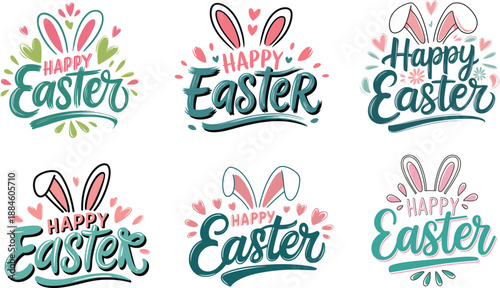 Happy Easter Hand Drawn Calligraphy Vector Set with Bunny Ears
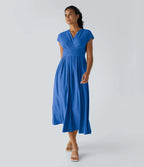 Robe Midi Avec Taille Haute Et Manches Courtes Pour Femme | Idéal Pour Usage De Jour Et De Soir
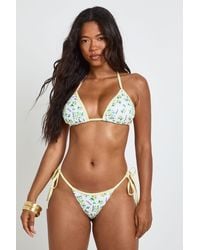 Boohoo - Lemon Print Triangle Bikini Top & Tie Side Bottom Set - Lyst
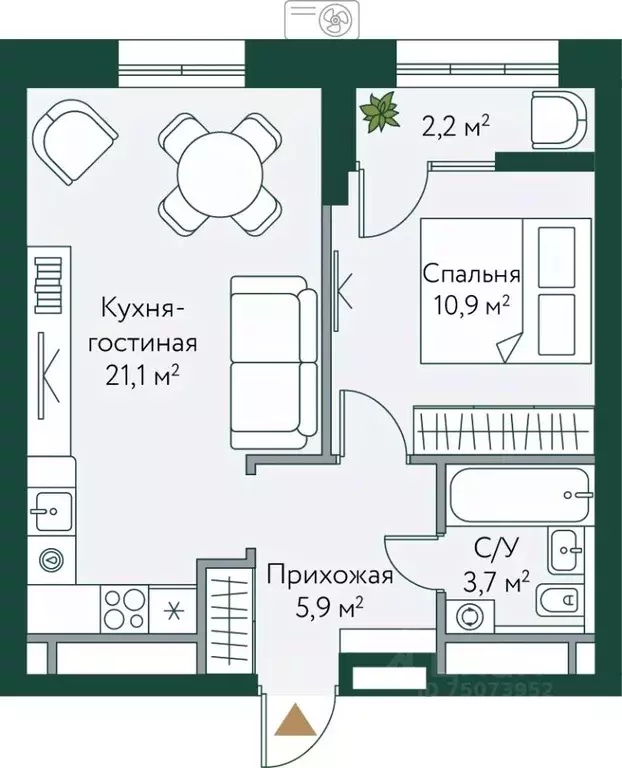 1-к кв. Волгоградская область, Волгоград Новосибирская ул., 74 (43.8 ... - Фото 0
--
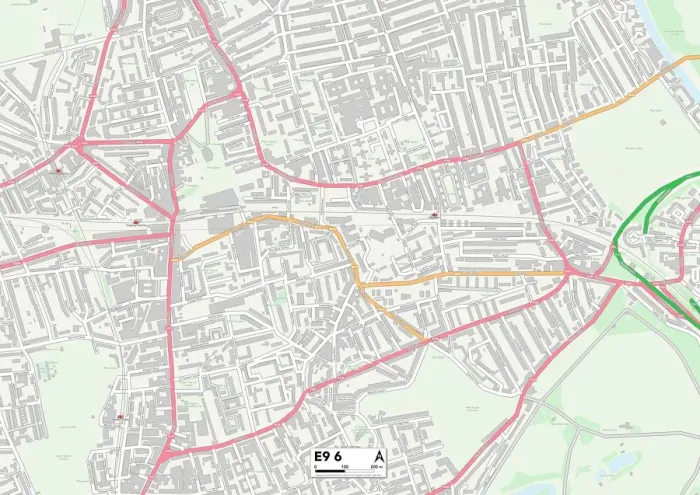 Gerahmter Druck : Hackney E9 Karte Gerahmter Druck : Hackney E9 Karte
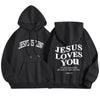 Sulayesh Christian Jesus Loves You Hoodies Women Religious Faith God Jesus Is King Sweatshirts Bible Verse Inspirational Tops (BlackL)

**Task**
Taking the records above, print only and exactly the lines from the line with "Robe Midi Avec" to the line with "Boohoo - Lemon", both kept, and exclude pictures.

**Answer to this exercise**
 Robe Midi Avec Taille Haute Et Manches Courtes Pour Femme | Idéal Pour Usage De Jour Et De Soir
 Boohoo - Lemon Print Triangle Bikini Top & Tie Side Bottom Set - Lyst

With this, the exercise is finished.